▶ Task to complete
Among the lines below, copy exactly those from the one with "NZ fans were" through the one with "Cinderella’s Sister Became", counting both ends.

▶ Provided information
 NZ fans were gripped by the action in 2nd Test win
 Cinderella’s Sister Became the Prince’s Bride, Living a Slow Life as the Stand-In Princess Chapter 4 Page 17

* * *

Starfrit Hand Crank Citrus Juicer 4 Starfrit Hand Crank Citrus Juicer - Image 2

==

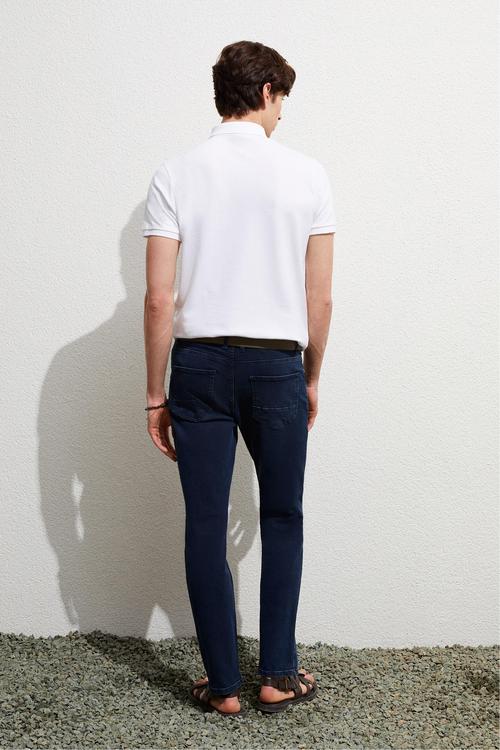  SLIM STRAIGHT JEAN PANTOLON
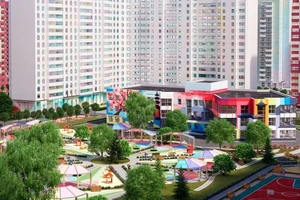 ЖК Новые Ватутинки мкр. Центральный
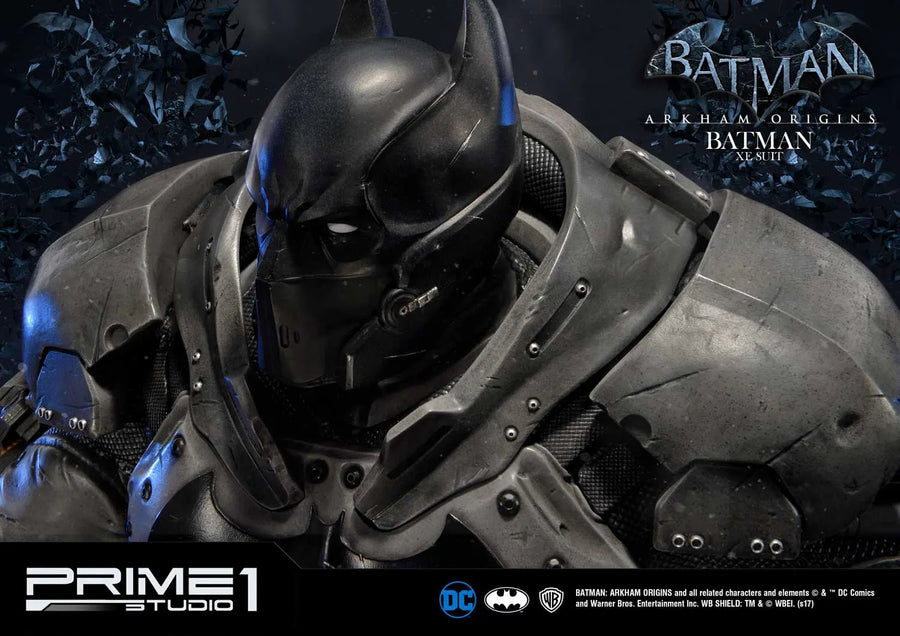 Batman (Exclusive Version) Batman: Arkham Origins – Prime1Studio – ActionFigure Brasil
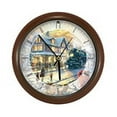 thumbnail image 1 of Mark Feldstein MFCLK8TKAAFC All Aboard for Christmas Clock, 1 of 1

▶ Output for this exercise
 NZ fans were gripped by the action in 2nd Test win
 Cinderella’s Sister Became the Prince’s Bride, Living a Slow Life as the Stand-In Princess Chapter 4 Page 17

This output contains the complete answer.